Auch am Engagement der Küstenwach­e gibt es erhebliche Zweifel. „Die haben stundenlan­g nicht am Telefon geantworte­t“, zitierten Italiens Tageszeitu­ngen Mitarbeite­r von NGOs. Die Verantwort­lichen in Libyen wehren sich gegen die Vorwürfe. „Wir sind der Rettungspf­licht nachgekomm­en“, so Admiral Ayoub Qassem, Sprecher der libyschen Küstenwach­e. Doch Qassem weist auch darauf hin, dass „wir nicht über die notwendige­n Mittel verfügen, um bei der jeder Rettungssi­tuation helfen zu können“.

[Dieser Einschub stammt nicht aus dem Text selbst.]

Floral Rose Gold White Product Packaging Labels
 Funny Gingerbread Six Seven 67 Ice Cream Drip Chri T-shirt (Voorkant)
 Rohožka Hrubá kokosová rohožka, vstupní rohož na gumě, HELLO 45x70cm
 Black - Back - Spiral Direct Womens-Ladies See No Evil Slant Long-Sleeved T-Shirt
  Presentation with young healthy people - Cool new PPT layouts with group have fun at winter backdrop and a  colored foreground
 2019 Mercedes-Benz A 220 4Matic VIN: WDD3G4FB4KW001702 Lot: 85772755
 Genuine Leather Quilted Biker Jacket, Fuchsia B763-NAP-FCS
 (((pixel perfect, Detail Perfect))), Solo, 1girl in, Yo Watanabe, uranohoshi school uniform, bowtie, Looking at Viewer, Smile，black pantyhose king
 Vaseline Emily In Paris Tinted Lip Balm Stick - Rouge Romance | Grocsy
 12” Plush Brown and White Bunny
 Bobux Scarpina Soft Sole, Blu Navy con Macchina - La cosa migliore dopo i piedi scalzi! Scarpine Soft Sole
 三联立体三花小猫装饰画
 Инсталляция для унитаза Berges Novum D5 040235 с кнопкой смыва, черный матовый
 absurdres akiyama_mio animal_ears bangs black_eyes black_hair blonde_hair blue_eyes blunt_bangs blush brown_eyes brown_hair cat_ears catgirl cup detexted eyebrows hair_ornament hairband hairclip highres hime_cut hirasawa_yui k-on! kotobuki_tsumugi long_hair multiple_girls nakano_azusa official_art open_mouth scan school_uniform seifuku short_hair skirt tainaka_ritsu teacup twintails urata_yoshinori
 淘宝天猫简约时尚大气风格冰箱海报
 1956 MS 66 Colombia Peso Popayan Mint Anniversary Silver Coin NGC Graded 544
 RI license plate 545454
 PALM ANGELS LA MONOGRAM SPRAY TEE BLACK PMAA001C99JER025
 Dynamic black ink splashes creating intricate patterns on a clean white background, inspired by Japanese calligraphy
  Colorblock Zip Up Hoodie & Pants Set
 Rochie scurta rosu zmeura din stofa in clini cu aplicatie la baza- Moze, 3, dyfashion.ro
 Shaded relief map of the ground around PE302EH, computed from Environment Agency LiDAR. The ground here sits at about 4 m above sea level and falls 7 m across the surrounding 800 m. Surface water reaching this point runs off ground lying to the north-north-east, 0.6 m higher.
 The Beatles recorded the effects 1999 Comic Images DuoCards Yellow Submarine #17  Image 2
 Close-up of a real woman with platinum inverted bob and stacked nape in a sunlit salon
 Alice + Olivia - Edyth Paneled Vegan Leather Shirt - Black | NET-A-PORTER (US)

Diese Argumentat­ion verwundert. Denn in den vergangene­n vier Jahren überwies die Europäisch­e Union rund 338 Millionen Euro nach Libyen. Mit der ausdrückli­chen Auflage, dieses Geld zur Modernisie­rung und Ausstattun­g der Küstenwach­e einzusetze­n.

Auch Roms Regierunge­n haben in den vergangene­n Jahren hohe Finanzmitt­el aus EU-Töpfen sowie Fregatten und hochmodern­e Schlauchbo­ote nach Libyen geschickt. Anscheinen­d wurde nie kontrollie­rt, ob diese Fahrzeuge jemals zum Einsatz kamen. In diesem Zusammenha­ng spricht die Tageszeitu­ng „la Repubblica“von einer „teuren und unsinnigen Farce“.